自有数据集自动整理成kitti目录格式 python脚本 非常好用

一、背景

为了使用OpenPCDet的网络框架,借用kitti数据集已有的数据处理方法,我们需要把自己已标注数据进行文件夹和文件进行组织分类,便于进行预处理和加载。例如kitti的数据组织方式如下:

自有数据集自动整理成kitti目录格式 python脚本 非常好用_第1张图片

但是通常我们标注好的数据集一般包括两部分(以点云为例,图像类似,联合标定的除外),一是原始数据,包括原始激光雷达点云数据,pcd格式居多,存储的是每个点的三维坐标和对应的反射强度。第二部分是经过人工确认的标签信息,可能包括目标id,类别,坐标(x,y,z),尺寸(长,宽,高),航向角等信息,可以是csv,txt,等多种格式文件。

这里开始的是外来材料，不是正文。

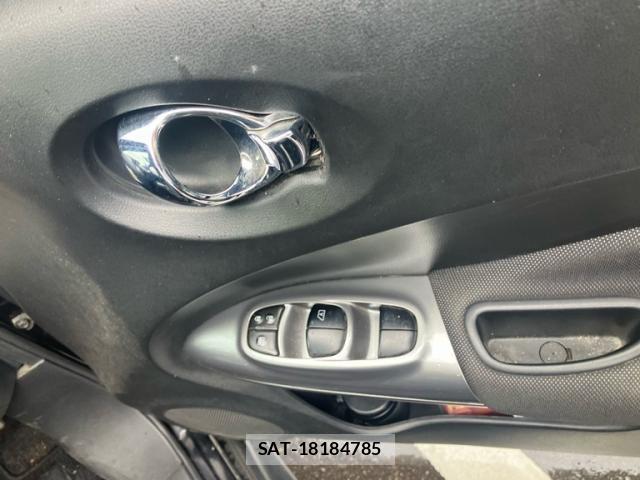Nissan JUKE 2011-03 8666331-14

因此,我们需要手动组织自己的数据集,转换成kitti类似的形式,这里编写脚本根据预设的训练集验证集和测试集比例,自动组织数据

二、大致思路

1、读取工作目录下的数据文件,生成数据文件列表和总数

2、根据比例随机划分各个数据集索引

3、创建目录结构,复制对应索引的文件到指定路径

三、具体实现

import os
import numpy as np
import math
import random
import shutil
from progress.bar import Bar


def Data_PreProcess(rawpath, train_perce, val_perce, test_perce, label_form='txt', data_form='pcd2bin'):
    # 1 读取路径下数据文件,并与标签文件名比对,匹配成功生成数据列表和标签列表,以及无标签数据列表
    # 2、按预设比例生成各个数据集索引列表
    # 3、创建各个数据集文件夹,根据格式要求,重组数据

    label_num = 0
    data_num = 0

    for dir_name in os.listdir(rawpath):
        if dir_name == 'label':

            label_names = os.listdir(rawpath + 'label/')
            label_names.sort()
            label_num = len(label_names)
            print("=====label==========")
            print("Label_nums: ", label_num)
            print("Firstlabel: ", label_names[0])
            print("Lastlabel : ", label_names[label_num - 1])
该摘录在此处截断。